Perciò il regista sceglie di mostrare solo quello che si può raccontare, attento a non offrire spunti polemici che trascinino il film nelle secche di altre schermaglie, inchieste, provvedimenti.
Affinché  il suo messaggio viaggi il più possibile indisturbato e colpisca senza essere colpito, si prodiga per abbattere ogni ostacolo possibile o ipotetico.
Tira fuori così un film minimalista, scarno come il suo protagonista, essenziale, come quando le cose si riducono alla vita o alla morte.
Tra la vita e la morte Stefano e la sua famiglia si ritrovano diverse volte in quei sette giorni. Occasioni in cui forse sarebbe bastata una parola in più da parte di Cucchi, o uno scrupolo in più da parte di chi avrebbe dovuto assisterlo, e che invece non ha mai sentito il bisogno di vincere una reticenza nata dalla paura di aggravare la situazione.

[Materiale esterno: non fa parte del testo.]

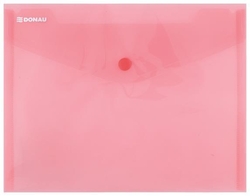 obálka s drukem A5 PP 2-354 - transp. červená 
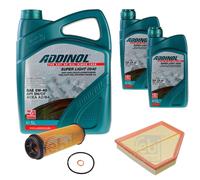 Febi Controllo Set 7L Addinol Super Light 0540 per BMW 4 Gran Coupè F36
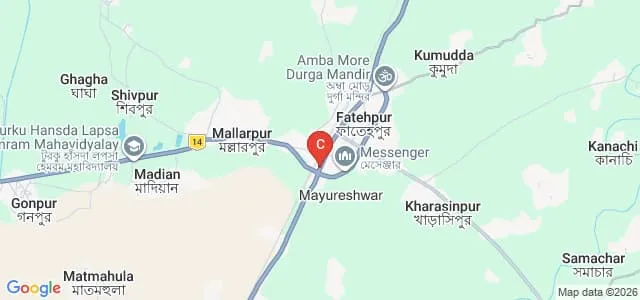 Glorious College of Education, Birbhum Map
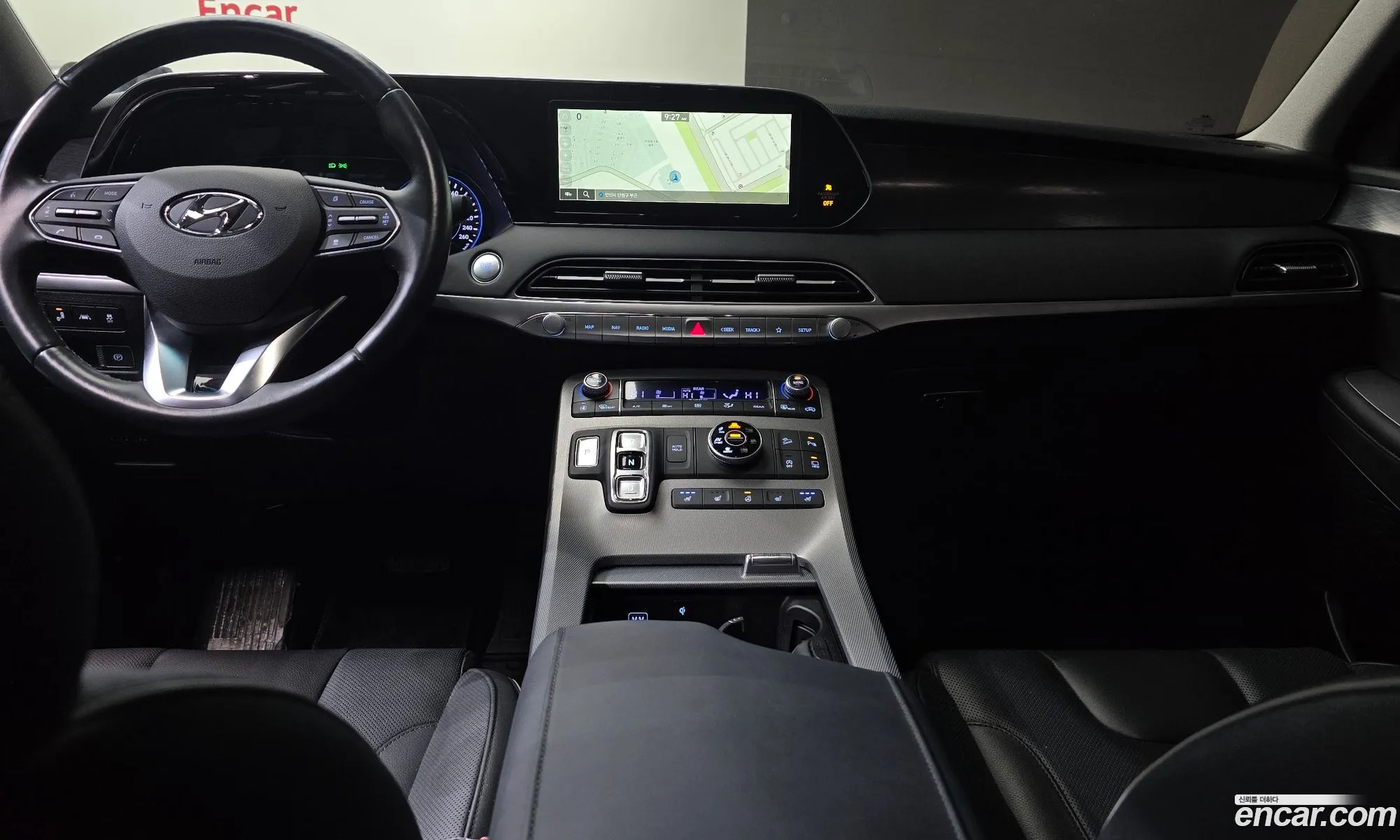Hyundai Palisade 2021 — 2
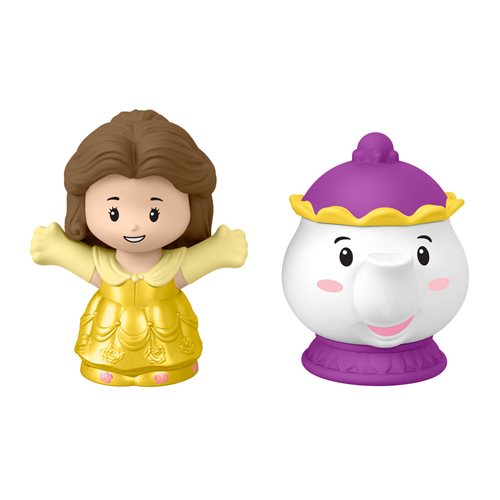 Fisher-Price Little People Disney Princess & Sidekick Figure Pack Case of 18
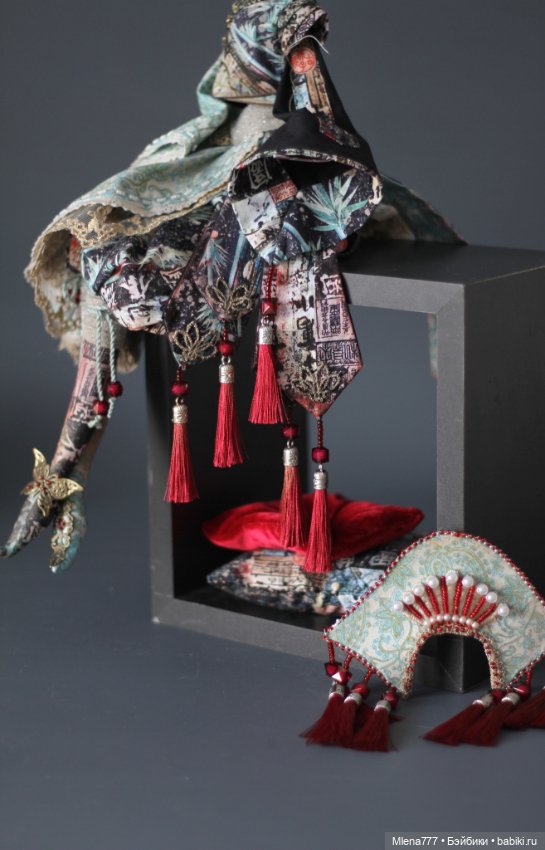 Принцесса Китая — Авторские шарнирные куклы своими руками: лепка (фото 6)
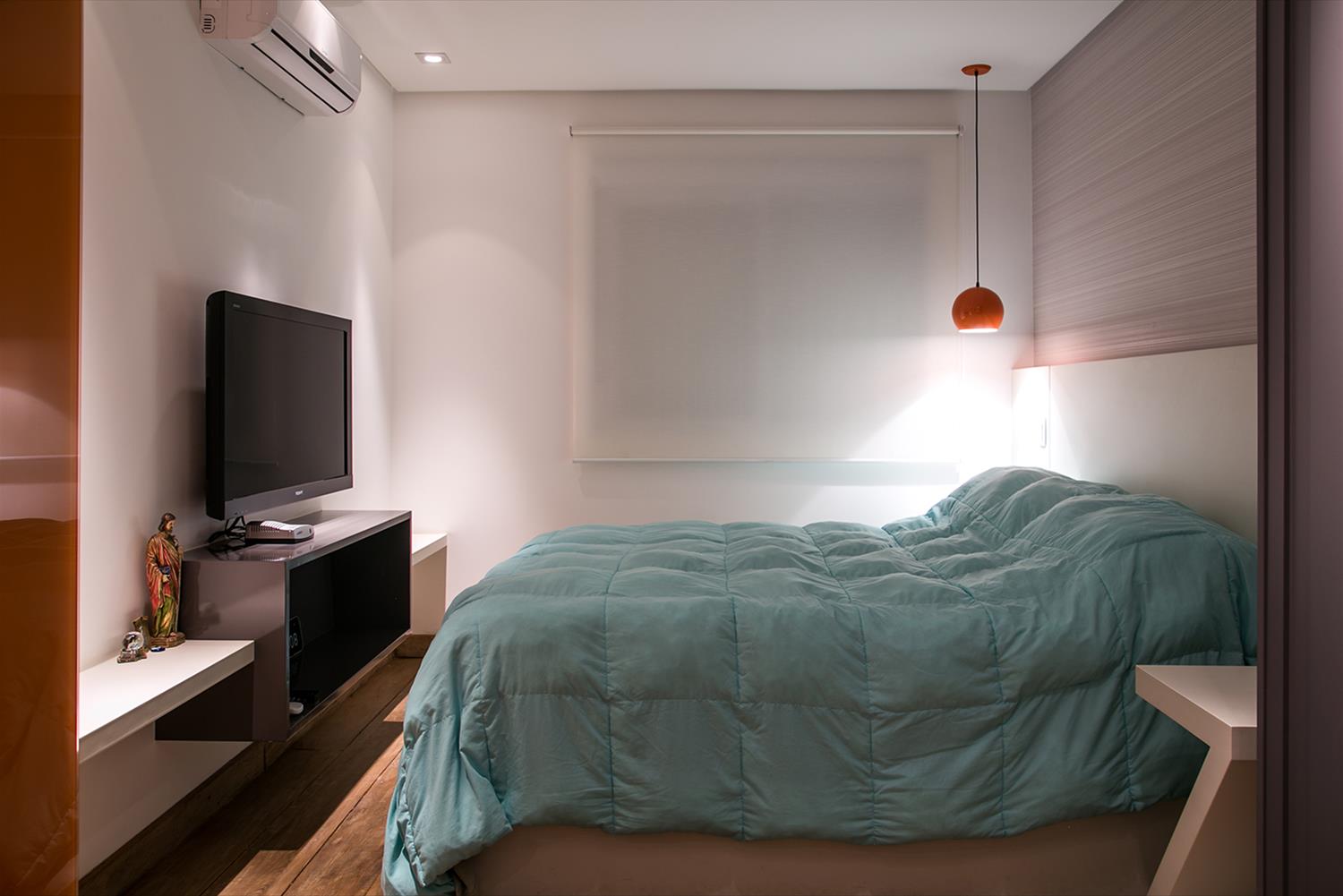 巴西 Mooca 公寓 | 打破界限,创造开放居住空间-9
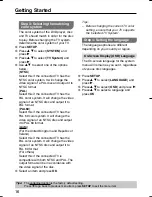 Preview for 16 page of Panasonic DVDS58 - DVD/CD PLAYER - MULTI LANGUAGE Operating Instructions Manual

In ognuna di quelle occasioni, sullo sfondo compare una qualche divisa, spesso sulla soglia di una porta che da sul fuori, simboli di uno Stato sempre all’erta, a fare da ostacolo per ogni eventuale risvolto felice e a condannare una famiglia intera al peggiore dei mondi possibili.
Oltre alla vena politica inscritta nella sceneggiatura, i due temi che emergono dalla pellicola sono il dolore e la solitudine.
Le ferite invadono il corpo giorno dopo giorno, gonfiando la pelle di lividi e sangue;  sono esposte da inquadrature strette e concentrate che indugiano su quegli spasmi come a ribadire il prezzo della violenza, monito a un pubblico assuefatto alla brutalità come modo di relazionarsi ma non più abituato a ragionare sulle conseguenze.
Se la macchina da presa si stringe sugli occhi tumefatti di Cucchi, si allarga su spazi spogli quando ne mostra il corpo in pena, sfinito, disteso scomodo su piani rigidi e freddi, abbandonato dallo Stato come i suoi famigliari: soli, isolati, respinti dall’apparato che dovrebbe guidarli ma che invece li svia lontano, a protezione di dinamiche interne, fumose, oscure.
Un film che ad eccezione di alcune inquadrature iconiche pare rinunciare a qualsiasi velleità artistica, può essere un film bello? Difficile rispondere. Per capirlo bisogna sforzarsi di mettere per un attimo da parte tutti gli aspetti politici e sociali e magari tentare l’azzardo di accostarlo ad altri lavori che trattano tematiche simili.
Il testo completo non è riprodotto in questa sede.